__Prompt__:
Output the data below only from the line containing "A modern hotel" up to and including the line containing "12711 Rr, Unit", exact and with the pictures left out.
Input for this task below:
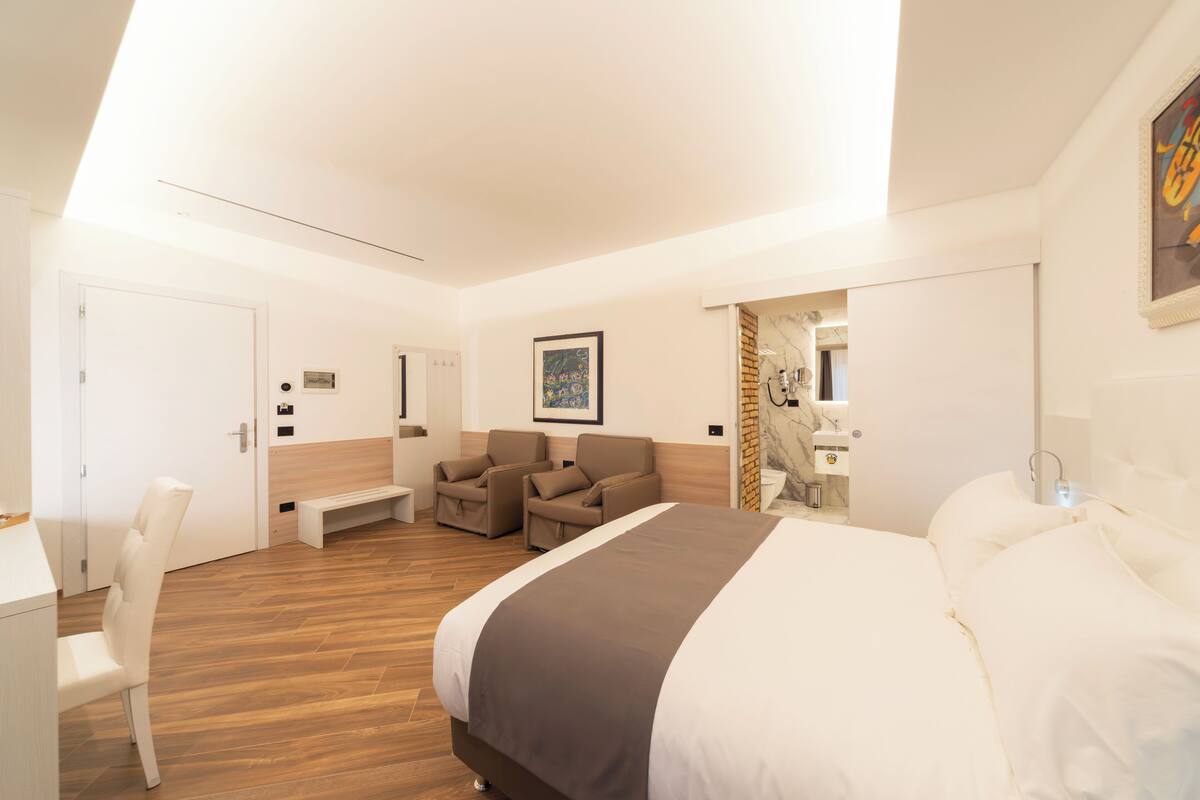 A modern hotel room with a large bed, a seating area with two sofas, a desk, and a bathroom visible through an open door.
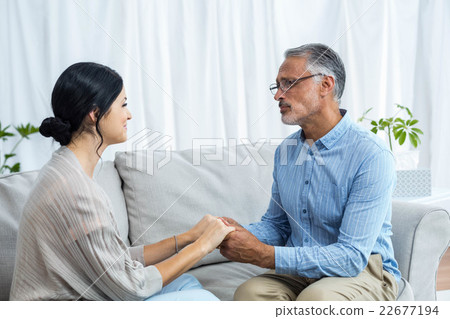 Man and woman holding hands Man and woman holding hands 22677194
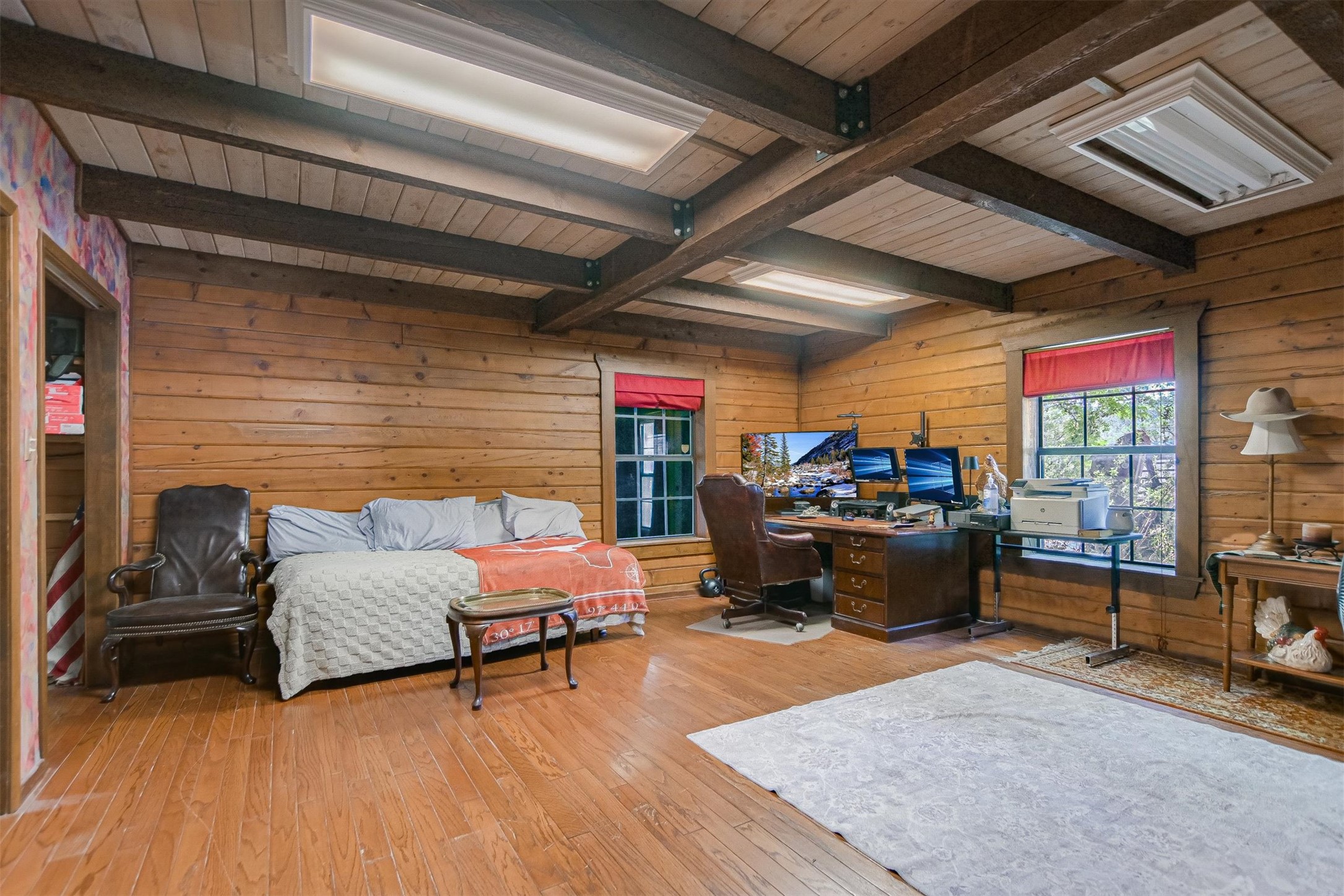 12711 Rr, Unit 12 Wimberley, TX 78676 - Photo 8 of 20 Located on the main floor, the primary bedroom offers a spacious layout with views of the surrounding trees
End of Input for this task.
Input for this task below:
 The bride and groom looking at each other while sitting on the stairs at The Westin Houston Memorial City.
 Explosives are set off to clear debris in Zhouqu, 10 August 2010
End of Input for this task.
__Solved exercise__:
 A modern hotel room with a large bed, a seating area with two sofas, a desk, and a bathroom visible through an open door.
 Man and woman holding hands Man and woman holding hands 22677194
 12711 Rr, Unit 12 Wimberley, TX 78676 - Photo 8 of 20 Located on the main floor, the primary bedroom offers a spacious layout with views of the surrounding trees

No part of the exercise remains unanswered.